» **TASK INSTRUCTIONS**
Reproduce exactly the lines from the one containing "Tulip Flower Paper Napkin - Cocktail Size" through the last line of the records below, both included. Leave out any pictures.

====== RECORDS FOR PROCESSING

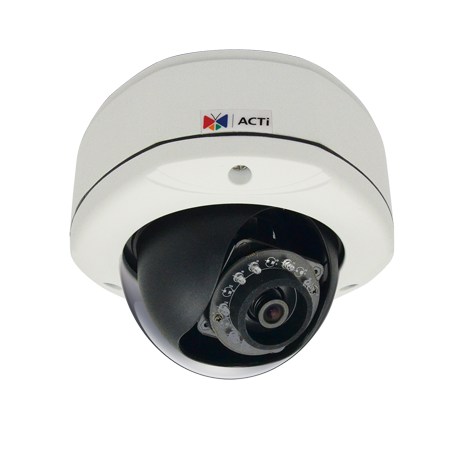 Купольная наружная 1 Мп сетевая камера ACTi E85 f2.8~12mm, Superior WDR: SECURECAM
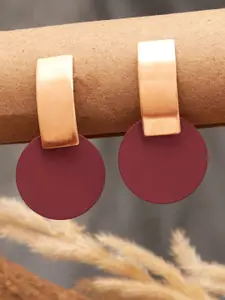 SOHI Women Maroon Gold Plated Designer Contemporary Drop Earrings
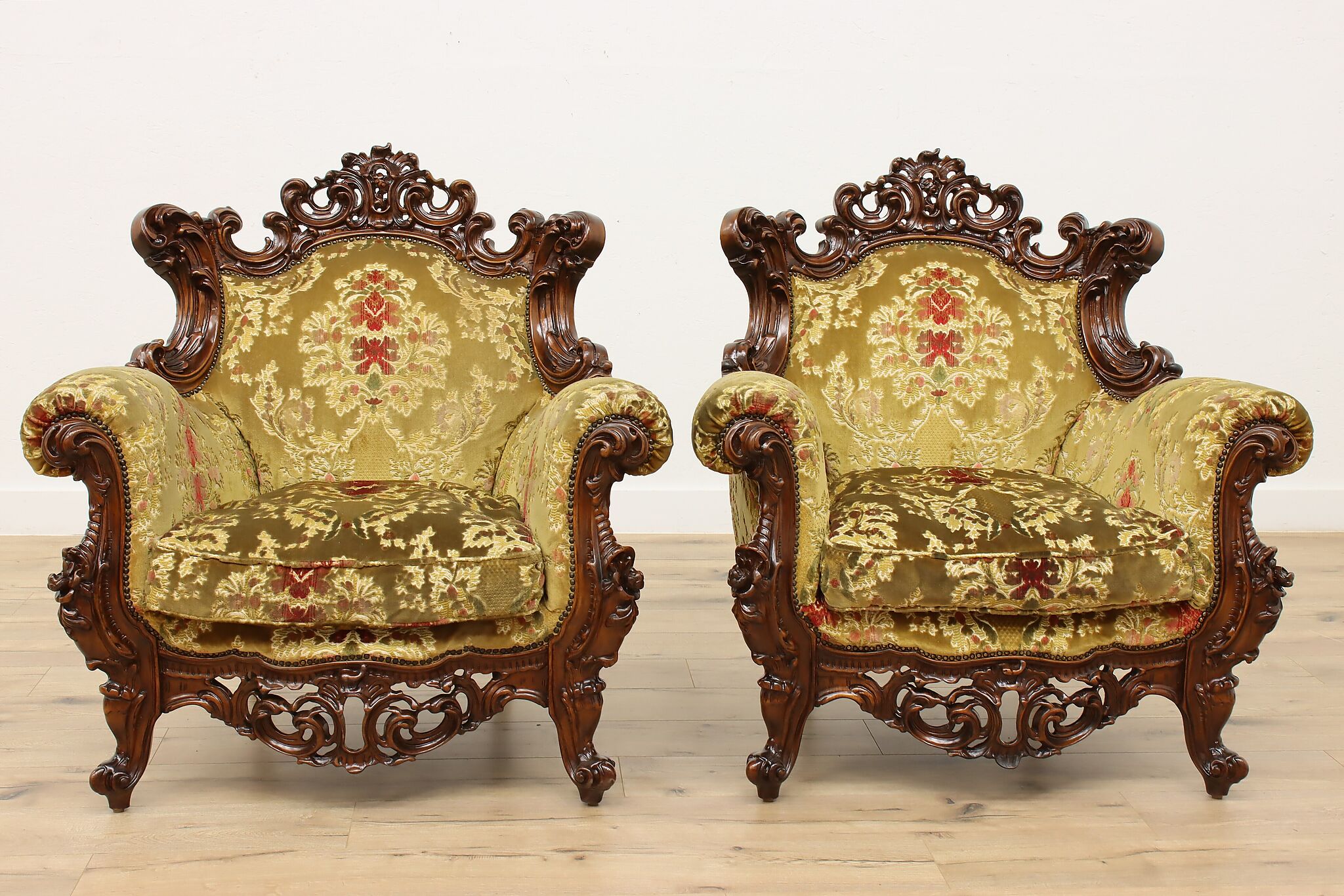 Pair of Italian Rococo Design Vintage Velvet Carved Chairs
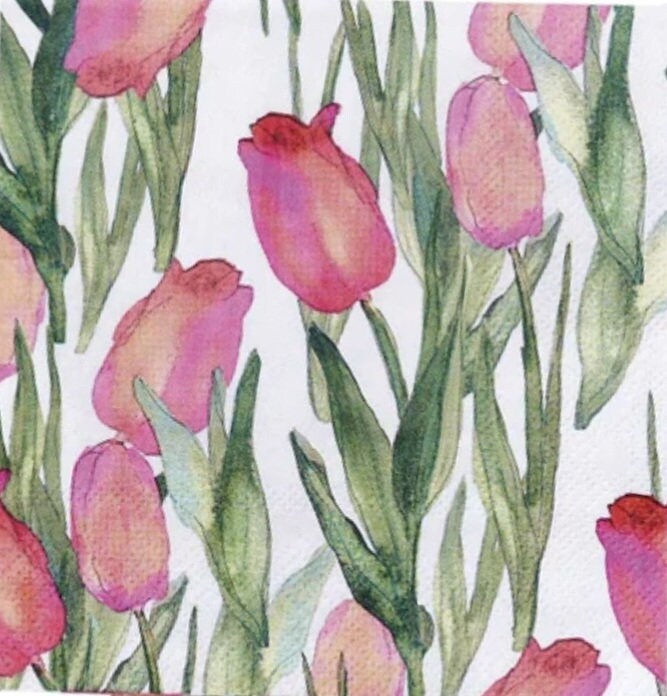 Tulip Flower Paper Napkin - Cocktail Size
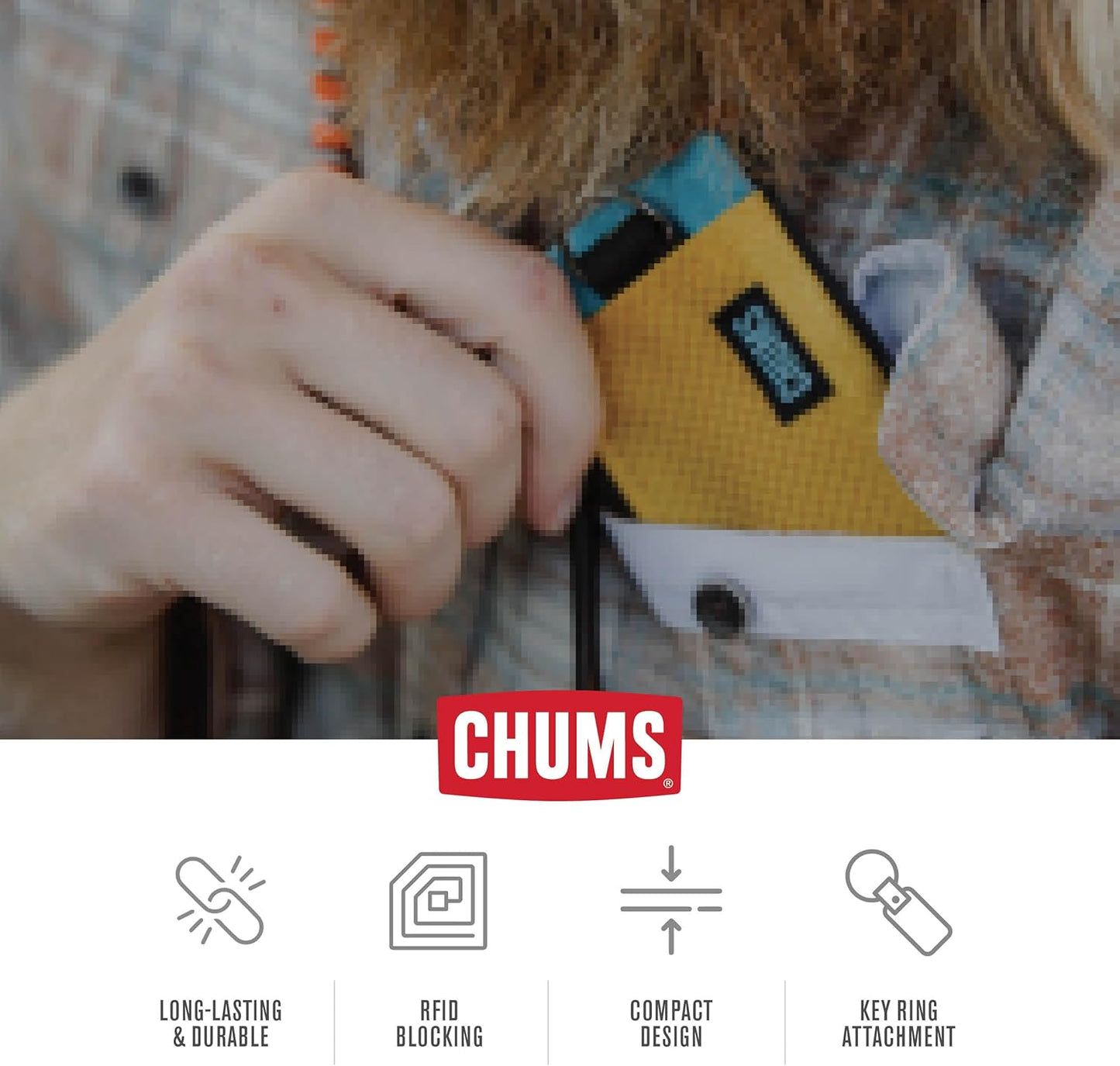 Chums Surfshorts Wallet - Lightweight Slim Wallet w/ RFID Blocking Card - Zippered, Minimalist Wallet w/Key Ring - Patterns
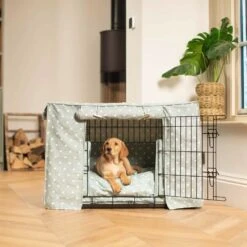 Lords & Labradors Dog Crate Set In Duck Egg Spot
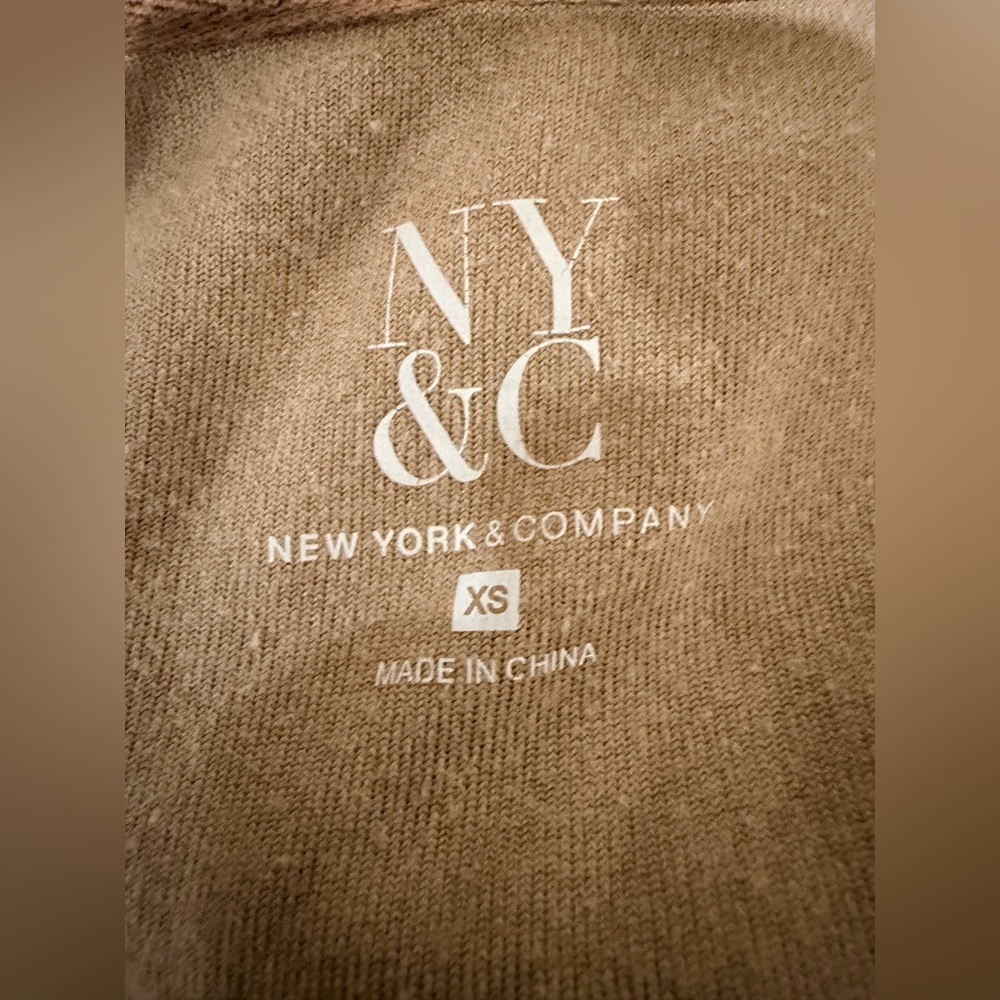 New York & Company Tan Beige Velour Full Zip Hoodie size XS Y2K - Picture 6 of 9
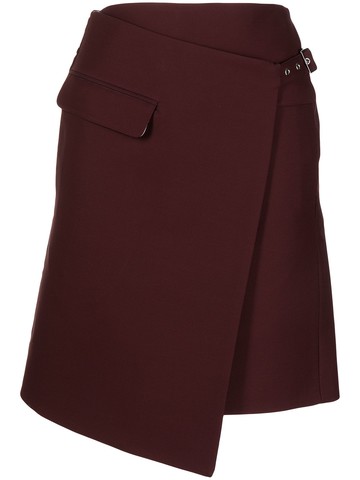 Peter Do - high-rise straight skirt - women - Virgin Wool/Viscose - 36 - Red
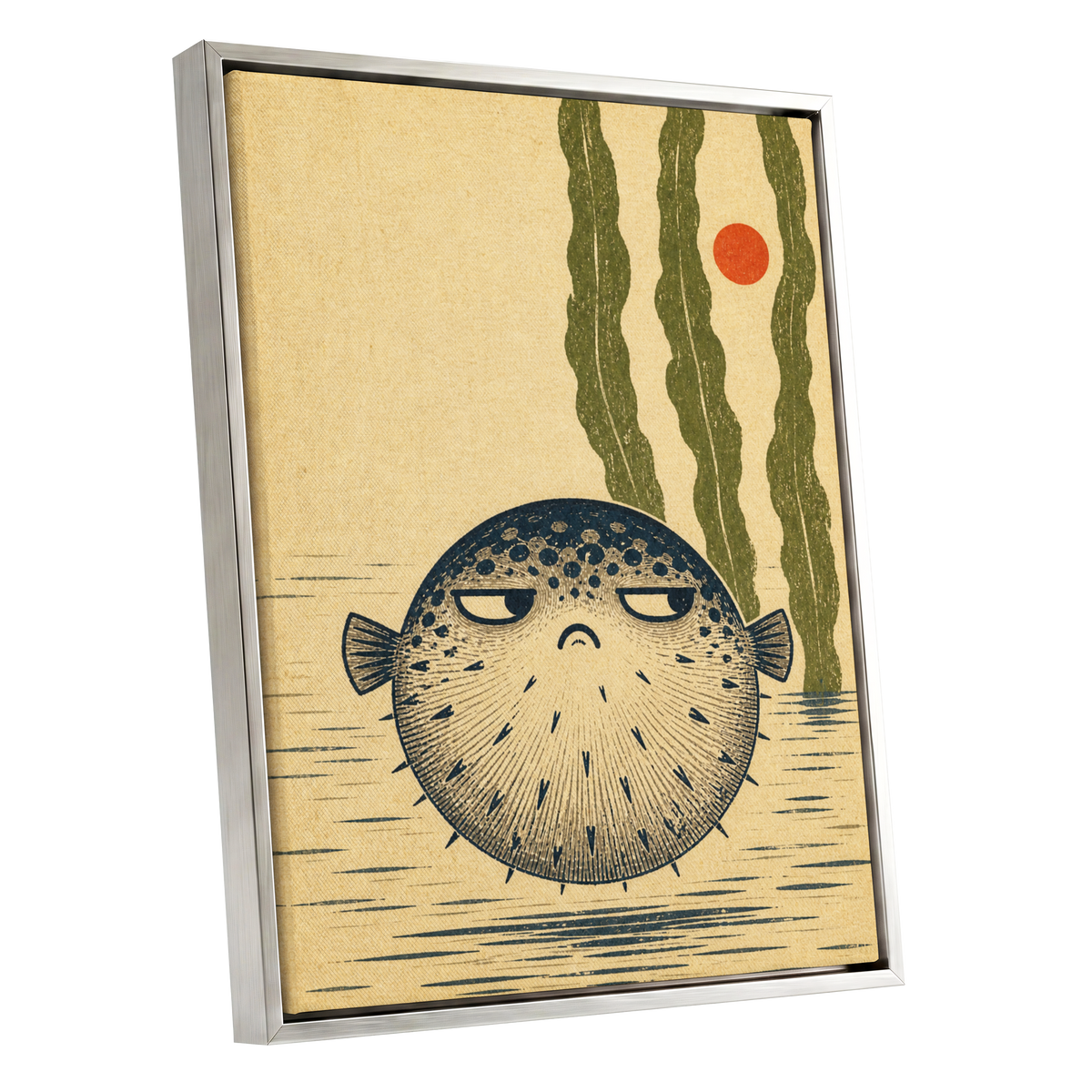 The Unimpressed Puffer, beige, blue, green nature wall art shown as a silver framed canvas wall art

============

» **EXERCISE SOLUTION**
 Tulip Flower Paper Napkin - Cocktail Size
 Chums Surfshorts Wallet - Lightweight Slim Wallet w/ RFID Blocking Card - Zippered, Minimalist Wallet w/Key Ring - Patterns
 Lords & Labradors Dog Crate Set In Duck Egg Spot
 New York & Company Tan Beige Velour Full Zip Hoodie size XS Y2K - Picture 6 of 9
 Peter Do - high-rise straight skirt - women - Virgin Wool/Viscose - 36 - Red
 The Unimpressed Puffer, beige, blue, green nature wall art shown as a silver framed canvas wall art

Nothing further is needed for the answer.